Es konnte doch nicht schon dunkel sein, dachte ich. So schnell geht die Sonne nicht unter. Verstört stolperte ich zu meiner Zimmertür. Als ich sie öffnete, schlug mir eine kalte, modrige Luft entgegen. Der Flur war schwach beleuchtet, obwohl ich keine Lichtquelle ausmachen konnte. Doch schon begann auch dieses Licht zu schwinden. Nicht etwa gleichmäßig, als würde jemand an einem Dimmer drehen, sondern ausgehend von der Treppe, die nach unten ins Erdgeschoss führte. Ein schwarzer Schatten wälzte sich die Wände entlang und verschlang den schwachen Schimmer. Der Schatten bewegte sich langsam durch den Flur auf mich zu und hatte fast die Spitze meines Fuß erreicht, da schlug ich die Tür zu und lehnte mich mit meinem ganzen Gewicht dagegen. Ich muss einige Minuten so verharrt haben, bis ich mich wieder beruhigt hatte. Ich wollte durch das Schlüsselloch kucken, um zu sehen, was auf dem Flur vor sich ging, doch zu groß war die Angst, dass mir die Dunkelheit entgegenstarren würde.

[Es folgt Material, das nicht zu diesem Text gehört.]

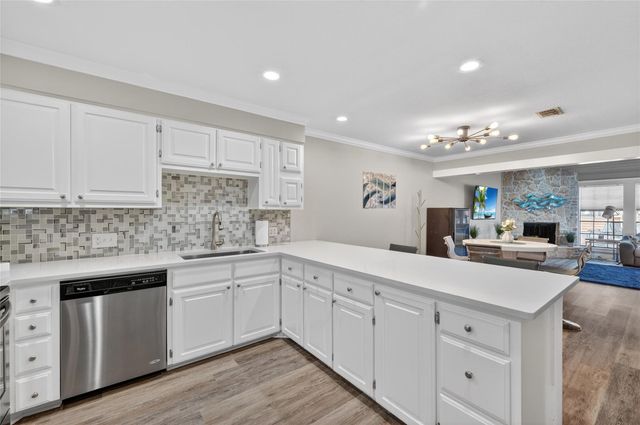 405 Short Circuit 5, Horseshoe Bay, TX 78657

In meinem Zimmer war es ebenfalls vollkommen dunkel, aber immerhin lief die Heizung und rang erbittert mit der Kälte, die von draußen einzudringen versuchte. Immer wieder stemmte sich der Wind gegen das Haus, das ächzend und knirschend dagegenhielt. Jetzt, dachte ich, wäre der richtige Augenblick, um meine Lampe einzuschalten. Das warme Licht würde die Dunkelheit und die Angst vertreiben. Ich tastete auf dem Schreibtisch nach dem Schalter für die kleine Lampe. Endlich hatte ich ihn gefunden und legte ihn um. Es klickte, ein Kontakt wurde verbunden und innerhalb des Bruchteils einer Sekunde begann der elektrische Strom zu fließen. Doch was die Lampe erzeugte, war nicht das gewohnte, warme Licht, das mir schon durch so viele Nächte geholfen hatte. Es war ein fahles, weißes Licht, ähnlich dem des Mondes, aber doch von einer vollkommen anderen Natur. Es schien regelrecht aus der Lampe herauszufließen und breitete sich langsam und zäh auf dem Tisch aus. Ich konnte den Anblick dieses unnatürlichen, abartigen Lichts nicht ertragen und schaltete die Lampe angewidert aus. Der Lichtfleck auf dem Tisch breitete sich noch eine Weile lang aus und verschwand dann langsam wieder in der Dunkelheit. Ich wich so weit wie möglich von der Lampe mit ihrem giftigen Licht zurück und kauerte mich an die Heizung, die eine angenehme Wärme abstrahlte und so zumindest die Kälte von mir fernhielt.
Nach zwei Tagen starb meine Heizung. Als ich in der Dunkelheit aufwachte, war sie kalt. Während ich geschlafen hatte, hat sie ihre letzte Wärme an mich abgegeben und unbemerkt ihr Leben ausgehaucht. Lange Zeit noch blieb ich an ihrer Seite und hielt die Totenwache, bis ich schließlich ebenfalls einschlief und nicht wieder aufwachte.